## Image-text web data
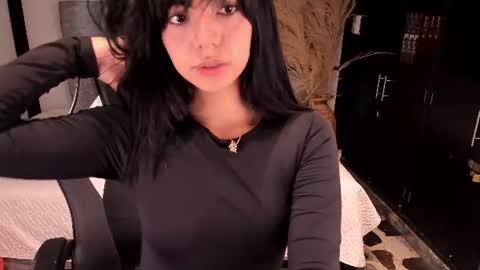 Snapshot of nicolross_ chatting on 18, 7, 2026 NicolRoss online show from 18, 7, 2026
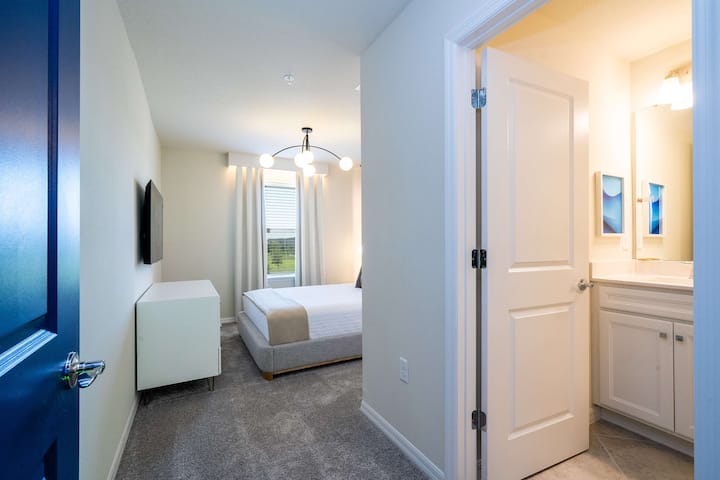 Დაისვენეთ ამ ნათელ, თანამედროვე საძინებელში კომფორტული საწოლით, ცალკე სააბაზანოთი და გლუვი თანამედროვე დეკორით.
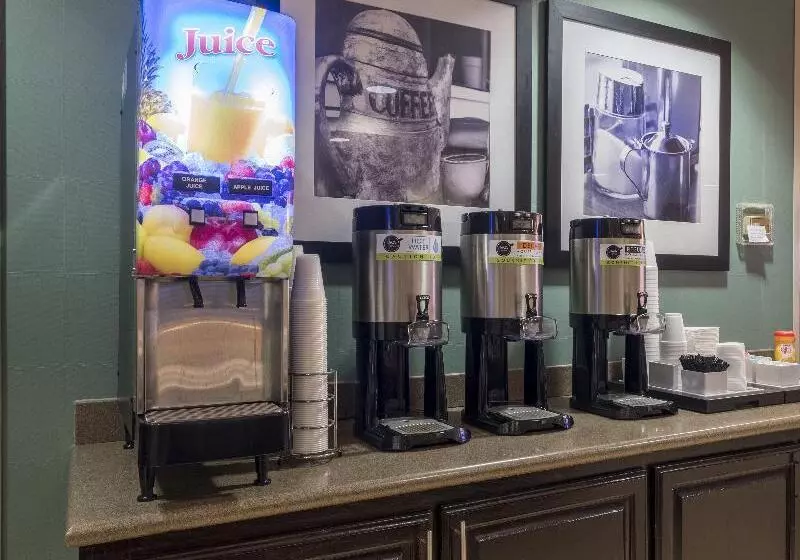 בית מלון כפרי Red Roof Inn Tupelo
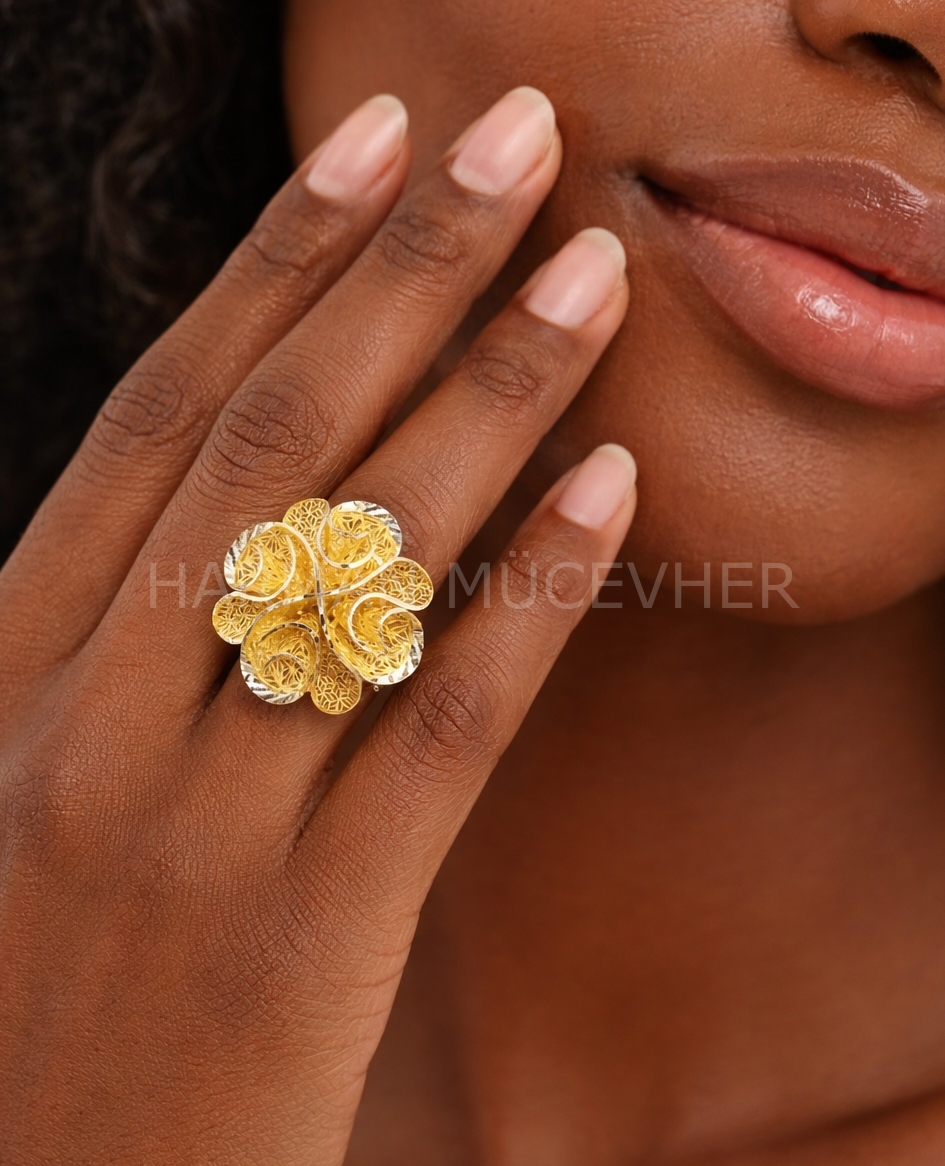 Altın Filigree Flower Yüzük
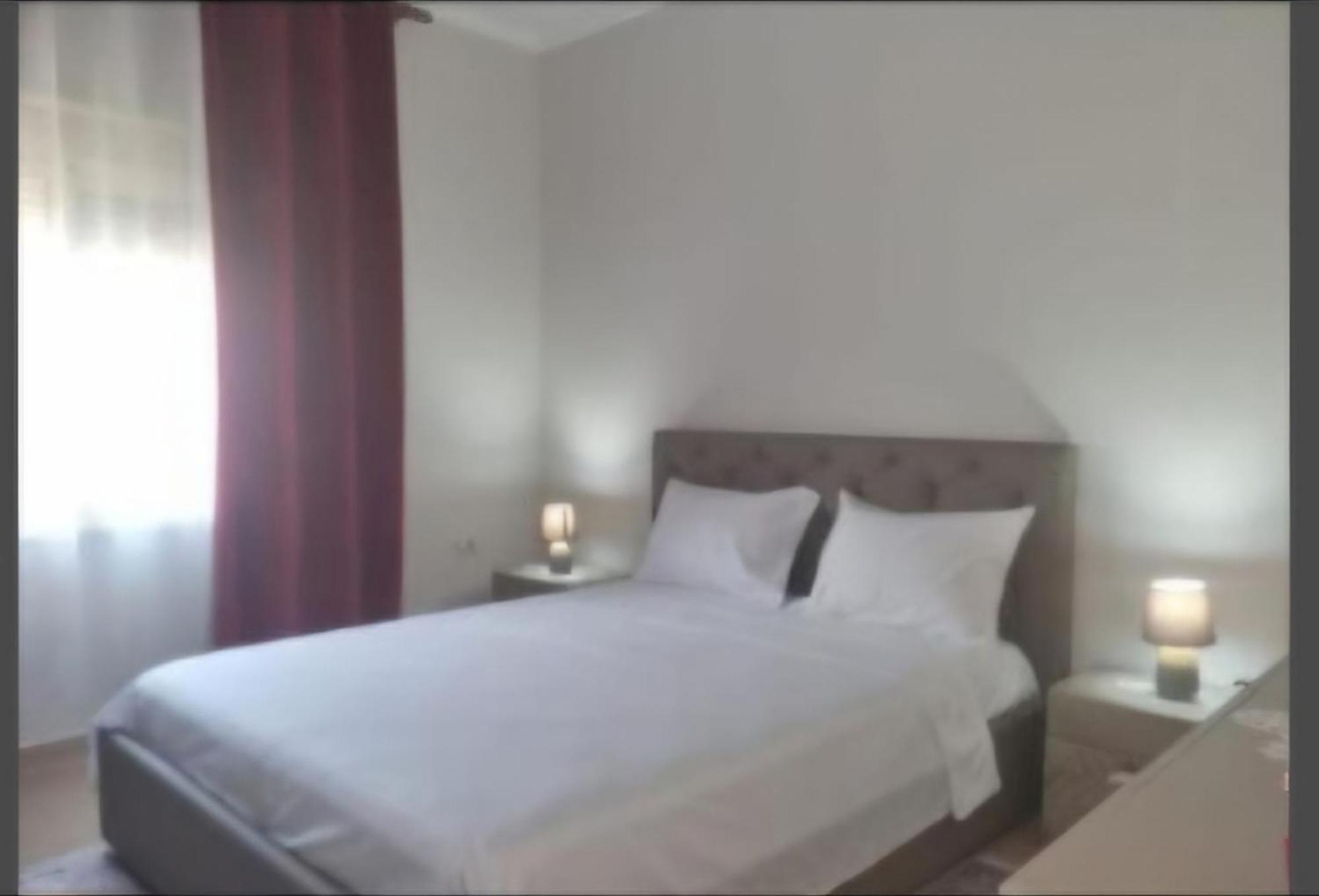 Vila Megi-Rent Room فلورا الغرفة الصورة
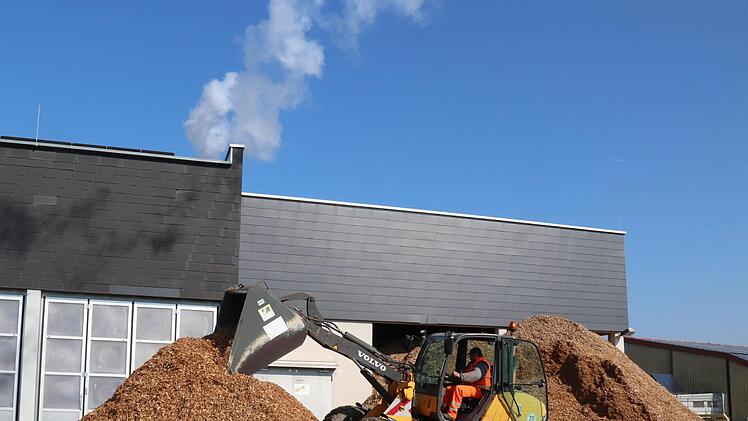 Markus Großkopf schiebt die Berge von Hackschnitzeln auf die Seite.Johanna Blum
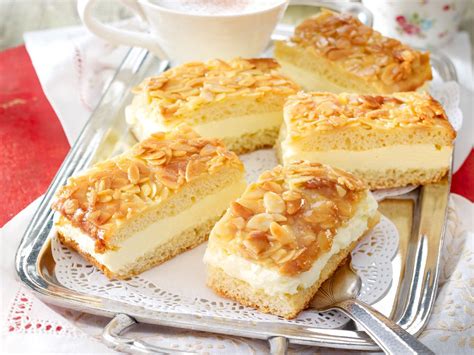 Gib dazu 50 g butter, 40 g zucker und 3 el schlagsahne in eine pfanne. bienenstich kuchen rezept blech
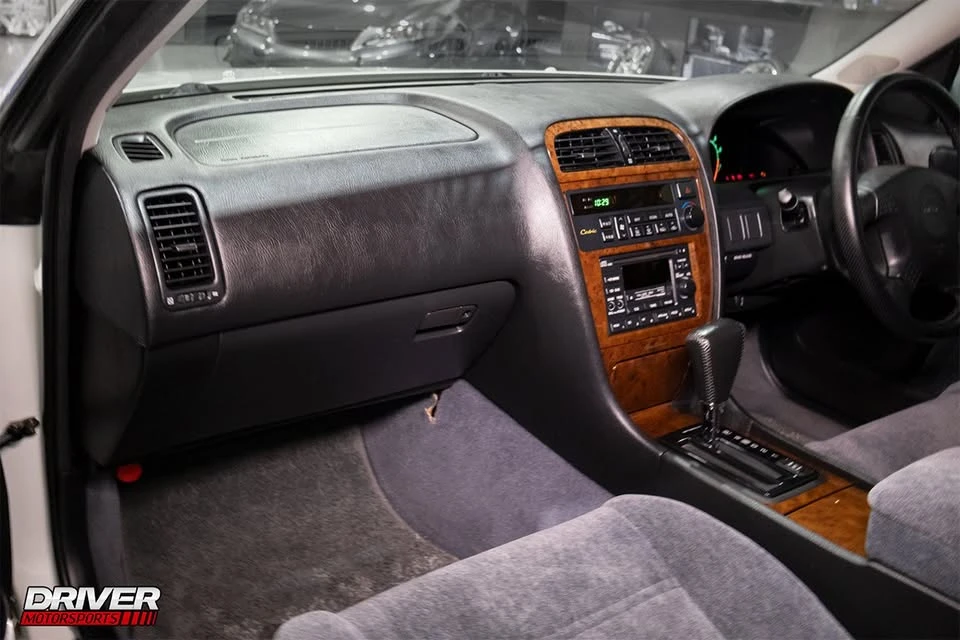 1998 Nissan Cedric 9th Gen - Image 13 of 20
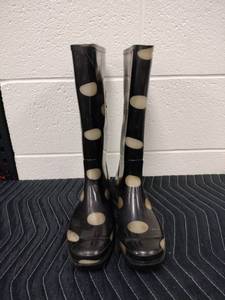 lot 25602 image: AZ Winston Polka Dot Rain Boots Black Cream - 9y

## Goal of the exercise
Copy the final stretch of lines, starting at the one that holds "Altın Filigree Flower Yüzük" and ending at the last line of the data, exactly; omit pictures.

## Output below
 Altın Filigree Flower Yüzük
 Vila Megi-Rent Room فلورا الغرفة الصورة
 Markus Großkopf schiebt die Berge von Hackschnitzeln auf die Seite.Johanna Blum
 Gib dazu 50 g butter, 40 g zucker und 3 el schlagsahne in eine pfanne. bienenstich kuchen rezept blech
 1998 Nissan Cedric 9th Gen - Image 13 of 20
 lot 25602 image: AZ Winston Polka Dot Rain Boots Black Cream - 9y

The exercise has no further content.